Today, we continue our series Verses for Vocation: Poems on the Sacred in Everyday Life and Work.
This week, I set myself the challenge of writing a sestina, a verse form originating in the work of twelfth-century troubadour Arnaut Daniel, in what is now southern France. Rather than rhyming, a sestina follows an intricate pattern of final-word repetition, with six stanzas of six lines each using the same six final words, but in a different order each time. Here’s a visual representation of the structure:
Well-known sestinas include “Hallelujah: A Sestina” by Robert Francis and “A Miracle for Breakfast” by Elizabeth Bishop.
[Thanks for reading. This post continues our series Verses for Vocation: Poems on the Sacred in Everyday Life and Work. Check out our other posts on faith and work and spiritual growth for more resources on living an integrated Christian life. Subscribe to get the next post in your inbox.]
Hold Fast the Gift
If I lose my soul to gain the world, what do I profit?

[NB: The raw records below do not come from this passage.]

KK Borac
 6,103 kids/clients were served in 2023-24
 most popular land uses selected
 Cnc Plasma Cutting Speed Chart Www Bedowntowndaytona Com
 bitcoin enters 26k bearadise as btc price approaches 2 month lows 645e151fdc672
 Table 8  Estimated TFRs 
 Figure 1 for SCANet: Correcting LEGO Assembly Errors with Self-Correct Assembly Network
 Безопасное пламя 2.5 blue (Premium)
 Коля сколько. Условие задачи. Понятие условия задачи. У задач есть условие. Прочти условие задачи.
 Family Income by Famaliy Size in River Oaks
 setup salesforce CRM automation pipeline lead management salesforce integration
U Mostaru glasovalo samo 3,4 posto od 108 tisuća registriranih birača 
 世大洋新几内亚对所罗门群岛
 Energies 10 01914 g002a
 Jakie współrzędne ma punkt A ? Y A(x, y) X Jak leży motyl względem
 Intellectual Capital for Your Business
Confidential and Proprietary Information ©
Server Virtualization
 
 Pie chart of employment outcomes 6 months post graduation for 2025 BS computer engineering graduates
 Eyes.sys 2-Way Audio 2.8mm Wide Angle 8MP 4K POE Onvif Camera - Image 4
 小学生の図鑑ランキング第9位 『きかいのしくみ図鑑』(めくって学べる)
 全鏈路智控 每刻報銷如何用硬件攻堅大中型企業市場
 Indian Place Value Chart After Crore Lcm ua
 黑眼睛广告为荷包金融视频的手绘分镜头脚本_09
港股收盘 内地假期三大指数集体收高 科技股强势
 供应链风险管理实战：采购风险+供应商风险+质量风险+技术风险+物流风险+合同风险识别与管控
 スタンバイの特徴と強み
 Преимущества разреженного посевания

All the world can give, of course! What a bargain. Let’s put to rest
These scruples, soften the needling conscience. To eat, work.
Pluck the wise, unblemished apple. Feast on what’s yours; it’s what you’ve earned.
Let the thorns and thistles test your mettle. Show that you presume on no one’s gift.
Your strong hand has watered. You have planted. Spare no sheaf of harvest for the weak.
So I’m advised. But by the pricking of my thumbs, my own hand falls weak.
It shakes and lets slip a bushel, spoiling the profit.
How am I to reckon such a failure: waste or gift?
For fruits that fall forgotten by the roots may yet enrich a gleaner ‘fore their rest.
Am I to curse the joy of feasts unless they’re earned?
Old or young of toothless gums may yet suck the marrow out of life, though they not work.
It’s true that few are fitted for the golden work,
Solid in the testing fire that proves wood, hay, and straw so weak.
But even so, each radiant one still claims, “What I have, I have not earned.”
All is gift, and in all these forgotten things a hidden profit,
A sure reward, the heart softened into metal even purer than the rest.
O, spin my straw to gold, I ask no greater gift!
Sunk, solid, like nails fast in the wood: This gift,
This breath for putting my back into the work,
For sighing at shift’s end to take my rest,
For crying for another hand when I am weak,
For laughing at my vanity when turning modest profit,
For saying “grace” when the kings of the earth say “earned.”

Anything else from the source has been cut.